FIGURE 32-4. (A,B) Median (MN), ulnar (UN), and radial (RN) nerves are seen scattered around the axillary artery with the tissue sheath (white-appearing tissue fasciae around the artery) containing nerves and axillary vessels. The musculocutaneous nerve (MCN) is seen between the biceps and coracobrachialis (CBM) away from the rest of the brachial plexus. AA, axillary artery.
FIGURE 32-5. Musculocutaneous nerve (MCN) is seen approximately 3 cm from the axillary neurovascular bundle (around AA). MCN in this image is positioned between the biceps and coracobrachialis muscles (CBM). MCN must be blocked with a separate injection of local anesthetic for a complete axillary brachial plexus block.
The needle is inserted in-plane from the cephalad aspect (Figures 32-1 and 32-3) and directed toward the posterior aspect of the axillary artery (Figure 32-6).
FIGURE 32-6. Needle insertions for axillary brachial plexus block. Axillary brachial block can be accomplished by two to four separate injections (1–4) to accomplish a block of the entire brachial plexus. MCN, musculocutaneous nerve; RN, radial nerve; MN, median nerve; UN, ulnar nerve.
As nerves and vessels are positioned together in the neurovascular bundle by adjacent musculature, advancement of the needle through the axilla may require careful hydrodissection with a small amount of local anesthetic or other injectate. This technique involves the injection of 0.5 to 2 mL, which “peels apart” the plane in which the needle tip is continuously inserted. The needle is then advanced a few millimeters and more injectate is administered.

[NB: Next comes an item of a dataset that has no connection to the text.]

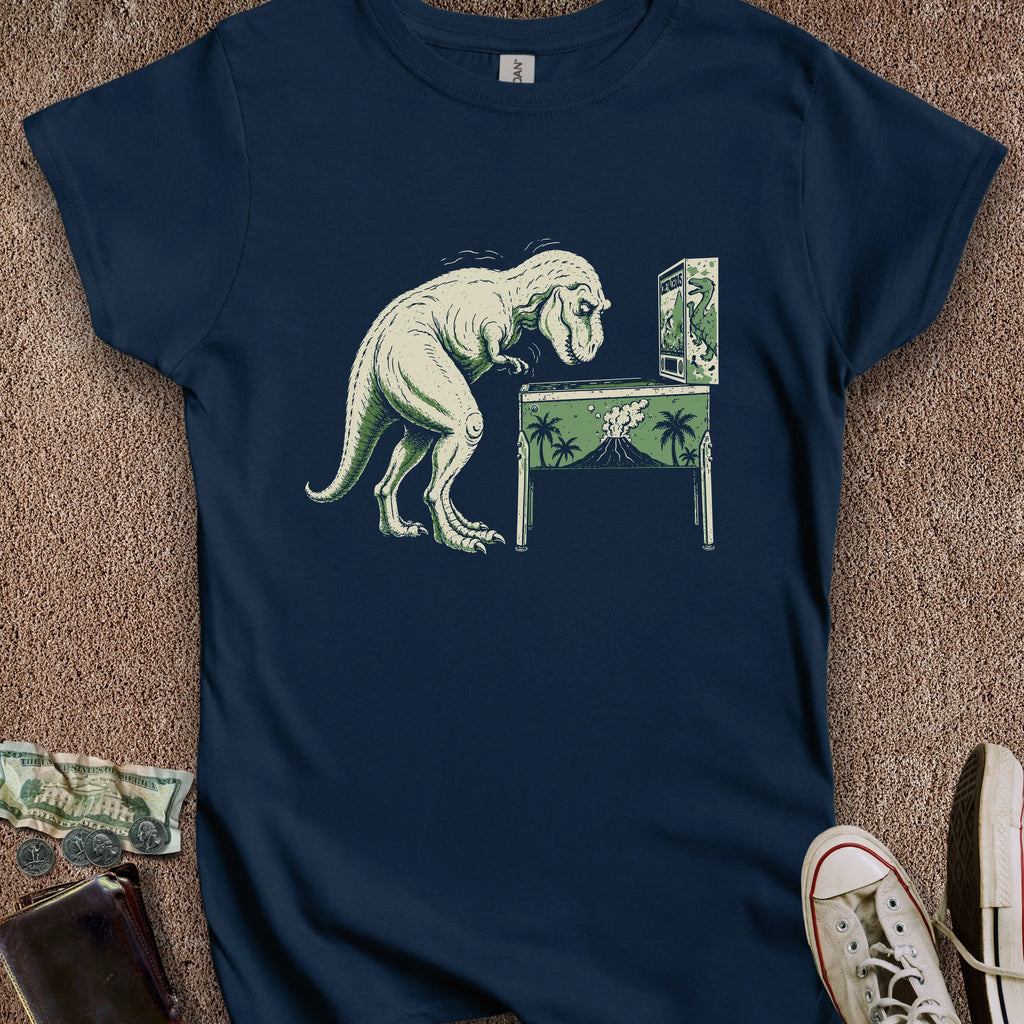 Printify T-Shirt S / Navy Pinball T-Rex Women's T-Shirt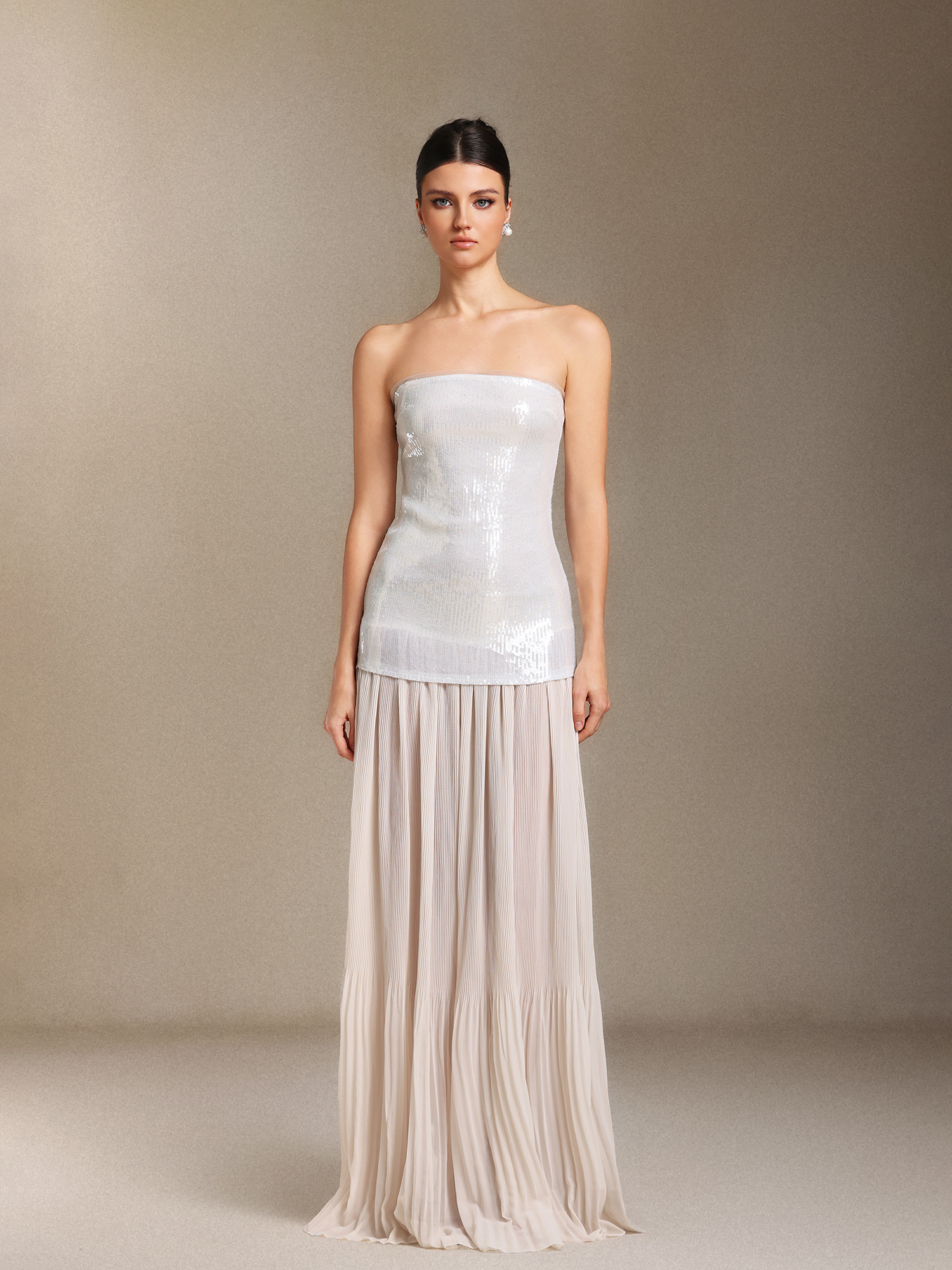 Vafa Chest smearing Sequins Chiffon maxi formal dress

Local anesthetic should be deposited posterior to the artery first, to avoid displacing the structures of interest deeper and obscuring the nerves, which is often the case if the median or ulnar nerves are injected first. Once 5 to 10 mL is administered, the needle is withdrawn almost to the level of the skin, redirected toward the median and ulnar nerves, and a further 10 to 15 mL is injected in these areas to complete the circle around the artery. The described sequence of injection is demonstrated in Figure 32-7.
FIGURE 32-7. An image demonstrating the ideal distribution patterns of local anesthetic spread after three separate injections (1–3) to surround the axillary artery with local anesthetic and block the radial nerve (RN), median nerve (MN), and ulnar nerve (UN). Musculocutaneous nerve (MCN) is blocked with a separate injection (4) because it is often outside the axillary neurovascular tissue sheath. AA, axillary artery.
Finally, the needle is once again withdrawn to the biceps and redirected toward the musculocutaneous nerve. Once adjacent to the nerve (stimulation will result in elbow flexion), 5 to 7 mL of local anesthetic is deposited.
In an adult patient, 20 to 25 mL of local anesthetic is usually adequate for successful blockade. Complete spread around the artery is necessary for success but infrequently seen with a single injection. Two to three redirections and injections are usually necessary for reliable blockade, as well as a separate injection to block the musculocutaneous nerve. The block dynamics and perioperative management are similar to those described in Chapter 15.